April 18, 2004

Overhaul

I had a bit of a rough end of the week last week. Went all panicky and had some walking in circles trying to turn off my brain fits of time. I'm better now mostly. It doesn't help that I'm in a period of great flux. For me anyway. I need to get a car cause my old car has pretty much died on me. I need a new job cause I have a crush on my boss and I can't date him and keep my job (actually, he'd probably get fired, but since I don't even know if he's interested I can't imagine him switching jobs for me anytime soon). And I have a crush on my boss. He's not the boss or anything, more like an underboss, but still someone with more authority than me. And I haven't liked anyone this much since Andy, I think it's got to be hormonal in large part. I mean, for awhile now I've been trying to get interested in this guy or that one but it's all been kind of lukewarm. And he's not the person I'd expect to like, I wouldn't immediately imagine he's my type, but I guess he is. Maybe I'm just starved for people to talk about films with. Maybe it's because he likes Belle and Sebastian. Could be either/or. I'm also the kind of person who tries to play out a whole relationship in her head before it happens, so I've gone through a lot of this won't work scenarios, I kind of need this lust-madness to get me over the just trying hump. Not like leg hump, like hurdle hump. Rude people.
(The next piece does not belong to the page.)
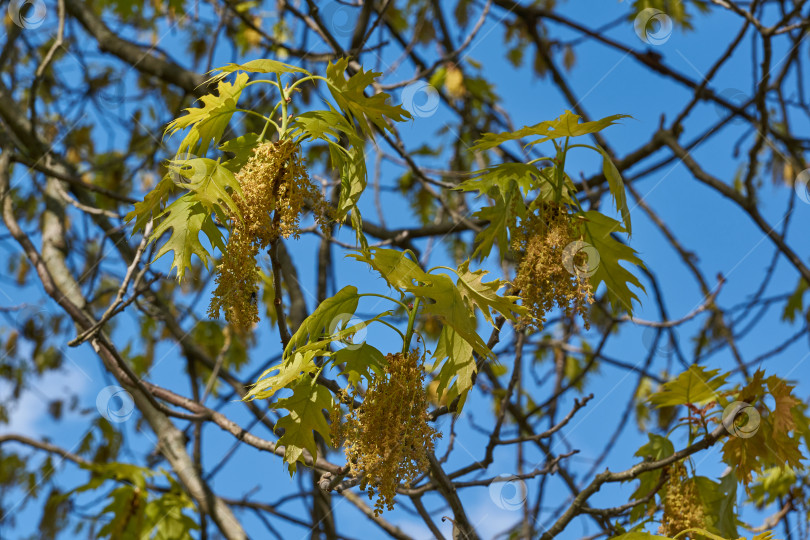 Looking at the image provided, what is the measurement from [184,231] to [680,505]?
1.49 meters

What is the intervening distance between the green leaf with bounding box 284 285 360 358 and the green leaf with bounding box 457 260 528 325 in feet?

Last night I had a dream where Andy was there, we had broken up I guess, though I didn't remember why, and we were getting back together and talking and I thought do I want to get back together with Andy or continue with new guy? Ok, in real life I have no clue how that would work out, and maybe I'm making too much of this, but I swear, it was all my subonscious at work here. I'm a master of dream interpretation when it comes to my own and I think that it was my mind's way of saying that I'm ready to try and have a real relationship with someone again. But God I hope I don't end up falling on my face on this one.